Mein Zimmer befindet sich fernab der Krankenstation, auf einer höheren Ebene, die einzig und allein den Unterkünften der Bewohner von Distrikt 13 gewidmet ist. Haymitchs Räumlichkeiten befinden sich zwar auf derselben Ebene, sind jedoch kaum näher als der Krankenkomplex. Der Distrikt ist doch einiges größer, als ich zuerst angenommen habe und ich bin froh, dass ich einige Wege kenne, ohne jemand anders fragen zu müssen.

Wie sich herausstellt, teile ich mir meinen Komplex mit zwei weiteren Frauen, Dasha und Betha, beide Flüchtlinge aus Distrikt 5. Wenn meine Vermutung richtig liegt, sind sie Schwestern. Zumindest sehen sie sich mit ihren hellbraunen Haaren und grünen Augen ähnlich genug. Aber ich kann nur mutmaßen, denn wie erwartet sprechen sie kein Wort mehr als nötig mit mir. Sie wissen, wer ich bin, ich sehe es ihren verstohlenen Blicken an, die sie mir tagtäglich aus den Augenwinkeln zuwerfen.

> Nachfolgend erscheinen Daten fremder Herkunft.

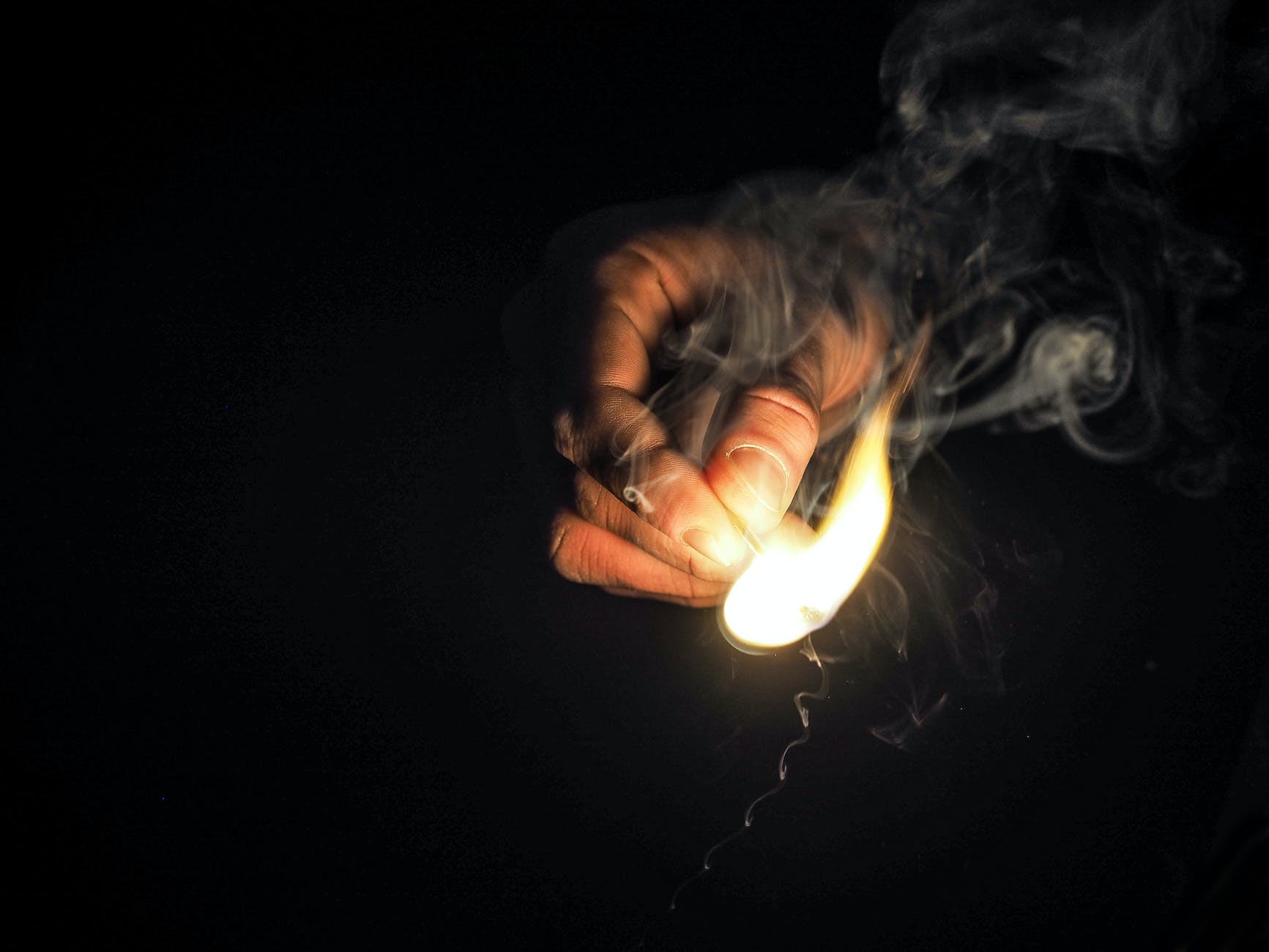 person holding matchstick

Sie müssen einen Groll gegen das Kapitol hegen, das ist klar, aber an einem Ort wie Distrikt 13 wird es wohl kaum jemanden mit gegensätzlicher Einstellung geben. Jeder hier hasst das Kapitol. Ich weiß nicht, was die Schwestern durchmachen mussten, um heute hier zu stehen. Jeder hat seine eigene Last zu tragen und nicht jedem kann man den durchlebten Schrecken sofort in den Augen ablesen. Egal, was die beiden zu ihrer Flucht bewegt hat, es kann nichts Gutes gewesen sein. Dashas Gesicht, über deren linke Wange eine lange, kalkweiße Narbe verläuft, spricht mehr als tausend Worte.